We need the following properties of the r relation:

1. It is a partial function from X to Y
2. It is a partial function from Y to X
3. It is increasing in X
4. It is decreasing in T
5. It is preserved by successor
6. For T = 0, it is the identity relation
7. Indices are non-negative, so Y <= X and T <= X.

Property 2 isn't actually needed, but it might be helpful in other uses of this module. Several of these properties were added in response to counterexamples in verifying the sliding window implementation below.

    property r(T,X,Y) & r(T,X,Y1) -> Y = Y1
    property r(T,X,Y) & r(T,X1,Y) -> X = X1
    property r(T,X1,Y1) & r(T,X2,Y2) & X1 < X2 -> Y1 < Y2
    property r(T1,X,Y1) & r(T2,X,Y2) & T1 < T2 -> Y2 < Y1
        property r(T,X1,Y1) & idx.succ(X1,X2) & idx.succ(Y1,Y2) -> r(T,X2,Y2)
        property r(0,X,X)
        property r(T,X,Y) -> Y <= X & T <= X

The action f returns a y such that r(t,x,y), assuming t <= x. Note that for positions less than the offset, there is no index in the shifted sequence (that is, positions less than the offset are not in the window,

    around f {
           require t <= x;
            ...
       ensure r(t,x,y)
    }

    } # end specification section

In the implementation section, we give the definition of r (which is needed to prove the properties above) and give the implementation of f.

    implementation {
        definition r(T,X,Y) = (X = Y + T)
        implement f {
            y := x - t
        }
    }

We make this module an isolate, and say with idx.impl to use the implementation of idx. This gives us the natural number theory, which is needed to prove the above properties. Note it's very important not to say with idx here, since the specification of ordered_sequence (see order.ivy) contains various universally quantified properties that, when mixed with arithmetic, would put us outside the decidable fragment.

    isolate iso = this with idx.impl
}

Now we define our sliding window module. It takes as parameters an ordered sequence type for indices and a data type for the sequence elements.

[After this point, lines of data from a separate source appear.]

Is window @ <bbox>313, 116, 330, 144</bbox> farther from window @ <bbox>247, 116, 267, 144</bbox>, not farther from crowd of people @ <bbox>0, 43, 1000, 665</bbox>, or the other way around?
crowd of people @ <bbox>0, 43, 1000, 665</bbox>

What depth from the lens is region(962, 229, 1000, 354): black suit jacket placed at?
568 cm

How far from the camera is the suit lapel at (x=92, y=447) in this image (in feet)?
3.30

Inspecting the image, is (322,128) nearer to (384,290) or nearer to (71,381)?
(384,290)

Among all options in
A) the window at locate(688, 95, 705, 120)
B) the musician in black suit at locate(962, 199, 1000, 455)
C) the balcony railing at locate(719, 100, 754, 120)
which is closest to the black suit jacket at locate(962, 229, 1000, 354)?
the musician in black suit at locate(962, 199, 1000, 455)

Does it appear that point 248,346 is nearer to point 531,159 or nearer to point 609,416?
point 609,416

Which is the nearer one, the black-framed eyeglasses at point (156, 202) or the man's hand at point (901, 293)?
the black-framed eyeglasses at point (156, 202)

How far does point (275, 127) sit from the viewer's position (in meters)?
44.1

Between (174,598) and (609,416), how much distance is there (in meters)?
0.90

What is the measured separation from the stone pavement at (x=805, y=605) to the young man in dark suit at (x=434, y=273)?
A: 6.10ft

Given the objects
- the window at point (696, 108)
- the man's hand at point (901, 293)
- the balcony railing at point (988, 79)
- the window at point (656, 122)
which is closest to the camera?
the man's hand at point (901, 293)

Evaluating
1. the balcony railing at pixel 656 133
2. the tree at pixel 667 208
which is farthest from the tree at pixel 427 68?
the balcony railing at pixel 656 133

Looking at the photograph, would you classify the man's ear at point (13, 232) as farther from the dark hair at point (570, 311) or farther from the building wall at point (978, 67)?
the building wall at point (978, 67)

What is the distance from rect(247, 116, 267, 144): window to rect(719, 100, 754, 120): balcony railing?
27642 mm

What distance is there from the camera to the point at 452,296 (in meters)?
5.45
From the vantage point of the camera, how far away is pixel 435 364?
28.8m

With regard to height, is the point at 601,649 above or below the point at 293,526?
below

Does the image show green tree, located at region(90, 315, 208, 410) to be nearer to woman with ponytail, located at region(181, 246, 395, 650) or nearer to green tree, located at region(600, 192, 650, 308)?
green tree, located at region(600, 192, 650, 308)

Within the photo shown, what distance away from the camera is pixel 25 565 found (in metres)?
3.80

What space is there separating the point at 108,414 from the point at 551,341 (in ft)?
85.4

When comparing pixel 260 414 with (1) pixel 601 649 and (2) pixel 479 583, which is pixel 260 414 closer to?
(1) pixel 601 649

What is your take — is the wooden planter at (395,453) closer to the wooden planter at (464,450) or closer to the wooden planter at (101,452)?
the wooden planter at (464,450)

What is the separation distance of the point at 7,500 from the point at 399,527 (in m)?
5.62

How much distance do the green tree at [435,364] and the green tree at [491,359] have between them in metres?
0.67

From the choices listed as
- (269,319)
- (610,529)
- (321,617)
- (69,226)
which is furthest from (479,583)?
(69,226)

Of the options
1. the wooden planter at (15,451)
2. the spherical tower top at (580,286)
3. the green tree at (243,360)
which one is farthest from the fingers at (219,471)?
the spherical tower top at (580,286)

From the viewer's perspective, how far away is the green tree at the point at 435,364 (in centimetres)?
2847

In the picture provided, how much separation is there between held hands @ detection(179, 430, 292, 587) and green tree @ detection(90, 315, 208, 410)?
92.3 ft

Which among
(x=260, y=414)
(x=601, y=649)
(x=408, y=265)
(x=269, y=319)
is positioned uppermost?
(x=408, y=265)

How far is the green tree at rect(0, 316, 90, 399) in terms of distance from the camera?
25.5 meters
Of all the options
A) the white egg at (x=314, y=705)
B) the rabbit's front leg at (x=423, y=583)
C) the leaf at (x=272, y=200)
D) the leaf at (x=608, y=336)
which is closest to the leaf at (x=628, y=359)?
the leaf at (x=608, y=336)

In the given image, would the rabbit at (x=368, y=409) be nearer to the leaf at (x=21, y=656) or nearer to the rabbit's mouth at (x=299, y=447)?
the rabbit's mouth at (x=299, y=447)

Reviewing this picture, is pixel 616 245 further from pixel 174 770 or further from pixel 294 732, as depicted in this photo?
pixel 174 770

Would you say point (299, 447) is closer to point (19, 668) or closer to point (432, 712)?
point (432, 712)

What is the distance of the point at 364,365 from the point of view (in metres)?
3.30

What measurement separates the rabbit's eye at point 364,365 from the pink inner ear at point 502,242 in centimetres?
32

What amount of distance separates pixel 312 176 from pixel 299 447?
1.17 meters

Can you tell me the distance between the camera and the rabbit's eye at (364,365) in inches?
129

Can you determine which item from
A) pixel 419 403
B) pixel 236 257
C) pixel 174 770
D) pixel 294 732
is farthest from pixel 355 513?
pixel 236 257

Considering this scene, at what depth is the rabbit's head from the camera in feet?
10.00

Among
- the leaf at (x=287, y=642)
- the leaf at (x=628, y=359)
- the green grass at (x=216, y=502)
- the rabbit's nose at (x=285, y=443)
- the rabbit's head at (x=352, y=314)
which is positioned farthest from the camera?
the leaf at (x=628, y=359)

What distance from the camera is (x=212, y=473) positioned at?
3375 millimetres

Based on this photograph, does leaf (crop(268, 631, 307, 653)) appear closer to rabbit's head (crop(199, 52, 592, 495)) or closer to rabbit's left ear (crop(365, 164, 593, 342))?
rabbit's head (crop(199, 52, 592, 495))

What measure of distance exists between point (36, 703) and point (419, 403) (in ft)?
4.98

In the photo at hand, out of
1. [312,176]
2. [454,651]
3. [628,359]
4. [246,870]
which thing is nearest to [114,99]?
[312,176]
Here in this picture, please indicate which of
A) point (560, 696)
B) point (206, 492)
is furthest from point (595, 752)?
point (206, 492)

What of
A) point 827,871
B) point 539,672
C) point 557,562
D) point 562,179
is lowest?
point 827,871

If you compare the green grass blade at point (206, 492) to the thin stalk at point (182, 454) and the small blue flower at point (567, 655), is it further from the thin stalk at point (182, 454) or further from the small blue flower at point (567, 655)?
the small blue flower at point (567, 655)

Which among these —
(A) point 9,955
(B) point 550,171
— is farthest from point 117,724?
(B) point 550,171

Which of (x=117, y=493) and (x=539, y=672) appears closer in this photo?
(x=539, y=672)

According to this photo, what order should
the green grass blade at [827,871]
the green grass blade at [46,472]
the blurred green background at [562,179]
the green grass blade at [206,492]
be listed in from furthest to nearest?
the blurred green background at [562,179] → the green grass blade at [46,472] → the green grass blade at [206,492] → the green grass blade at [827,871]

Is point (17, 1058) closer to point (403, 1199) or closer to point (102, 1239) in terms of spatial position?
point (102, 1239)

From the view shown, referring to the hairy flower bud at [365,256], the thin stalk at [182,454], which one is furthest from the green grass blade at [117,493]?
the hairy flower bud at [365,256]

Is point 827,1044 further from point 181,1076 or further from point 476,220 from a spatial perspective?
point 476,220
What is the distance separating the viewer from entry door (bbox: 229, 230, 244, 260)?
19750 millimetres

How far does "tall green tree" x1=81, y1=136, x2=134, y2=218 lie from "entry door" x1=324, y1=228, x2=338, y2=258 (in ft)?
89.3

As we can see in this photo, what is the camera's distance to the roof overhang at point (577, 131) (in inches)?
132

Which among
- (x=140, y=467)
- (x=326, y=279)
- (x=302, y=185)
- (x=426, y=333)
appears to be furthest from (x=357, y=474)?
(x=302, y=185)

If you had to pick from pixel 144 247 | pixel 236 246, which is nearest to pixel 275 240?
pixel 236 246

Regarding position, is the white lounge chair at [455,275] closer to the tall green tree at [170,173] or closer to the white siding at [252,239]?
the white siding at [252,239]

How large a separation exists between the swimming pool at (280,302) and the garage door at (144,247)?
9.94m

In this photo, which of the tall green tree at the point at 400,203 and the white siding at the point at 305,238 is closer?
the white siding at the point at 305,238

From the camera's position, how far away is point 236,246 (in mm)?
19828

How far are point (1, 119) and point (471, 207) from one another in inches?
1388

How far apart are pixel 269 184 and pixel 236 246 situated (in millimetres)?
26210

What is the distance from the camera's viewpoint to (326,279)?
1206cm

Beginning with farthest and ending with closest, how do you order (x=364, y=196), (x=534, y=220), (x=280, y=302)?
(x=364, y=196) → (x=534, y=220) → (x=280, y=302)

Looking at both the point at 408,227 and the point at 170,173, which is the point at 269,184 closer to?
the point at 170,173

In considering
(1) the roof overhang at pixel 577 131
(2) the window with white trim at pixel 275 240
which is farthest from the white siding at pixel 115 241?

module window(idx,data) = {

The interface provides a relation value(I,D), indicating the data value D occurs at position I in the original sequence. The window contains the range of values in the index interval [begin,end).

    relation value(I:idx,D:data)
    individual begin : idx
    individual end : idx

Three operations are provided:

1. append adds one element to the original sequence, increasing end by one.
2. read gets an element of the original sequence
3. trim increases the value of begin

    action append(d:data)
    action read(i:idx) returns (d:data)
    action trim(i:idx)

    specification {

Initially, the sequence is empty, so begin = end = 0.

        after init {
            begin := 0;
            end := 0;
            value(I,D) := false
        }

Appending a value adds it to the end of the sequence.

        after append {
            value(end,d) := true;
            end := end.next
        }

Reading the value of an index in the interval [begin,end) returns the sequence value at that index.

        around read {
            require begin <= i & i < end;
            ...
            ensure value(i,d)
        }

Trim can be called with any index in the range [begin,end). It has the effect of setting begin to this index.

        around trim {
            require begin <= i & i <= end;
            ...
            begin := i;
        }

The specification maintains a few useful invariants.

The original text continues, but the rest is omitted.